Babaee v. Moisture Warranty Corporation

CourtCourt of Appeals of South Carolina
DecidedJanuary 25, 2012
Docket2012-UP-030
StatusUnpublished

This text of Babaee v. Moisture Warranty Corporation (Babaee v. Moisture Warranty Corporation) is published on Counsel Stack Legal Research, covering Court of Appeals of South Carolina primary law. Counsel Stack provides free access to over 12 million legal documents including statutes, case law, regulations, and constitutions.

Bluebook
Babaee v. Moisture Warranty Corporation, (S.C. Ct.

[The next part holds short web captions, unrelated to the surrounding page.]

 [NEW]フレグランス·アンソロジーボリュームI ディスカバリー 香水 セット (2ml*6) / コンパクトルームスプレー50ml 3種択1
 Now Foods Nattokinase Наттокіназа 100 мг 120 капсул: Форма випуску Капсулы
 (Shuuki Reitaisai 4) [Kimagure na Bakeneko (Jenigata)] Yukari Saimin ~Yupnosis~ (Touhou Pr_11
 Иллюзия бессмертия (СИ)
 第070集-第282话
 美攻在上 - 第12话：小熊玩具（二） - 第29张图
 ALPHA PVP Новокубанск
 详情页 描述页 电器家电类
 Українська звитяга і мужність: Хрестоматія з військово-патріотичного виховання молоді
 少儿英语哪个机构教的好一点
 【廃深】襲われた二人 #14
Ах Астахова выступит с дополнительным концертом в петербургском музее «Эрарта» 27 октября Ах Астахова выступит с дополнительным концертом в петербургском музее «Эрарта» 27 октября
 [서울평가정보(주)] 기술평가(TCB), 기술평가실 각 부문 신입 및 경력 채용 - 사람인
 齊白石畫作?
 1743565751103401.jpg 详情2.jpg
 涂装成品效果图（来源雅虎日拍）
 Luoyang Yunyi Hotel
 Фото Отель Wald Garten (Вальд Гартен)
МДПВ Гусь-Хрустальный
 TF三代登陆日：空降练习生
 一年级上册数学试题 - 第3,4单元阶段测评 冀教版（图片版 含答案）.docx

App. 2012).

Opinion

THIS OPINION HAS NO PRECEDENTIAL VALUE.   IT SHOULD NOT BE CITED OR RELIED ON AS PRECEDENT IN ANY PROCEEDING EXCEPT AS PROVIDED BY RULE 268(d)(2), SCACR.

THE STATE OF SOUTH CAROLINA
In The Court of Appeals

Fariborz Z. Babaee and Malihe Babaee, Appellants/Respondents

v.

Moisture Warranty Corporation d/b/a Moisture Free Warranty; and Preferred Home Inspections, Inc., Defendants,

Of Whom Moisture Warranty Corporation d/b/a Moisture Free Warranty is the Respondent/Appellant


Appeal From Richland County
Doyet A. Early, III, Circuit Court Judge


Unpublished Opinion No. 2012-UP-030
Heard September 13, 2011 – Filed January 25, 2012   


AFFIRMED IN PART, REVERSED IN PART, AND REMANDED


Robert B. Phillips, of Columbia, for Appellants-Respondents.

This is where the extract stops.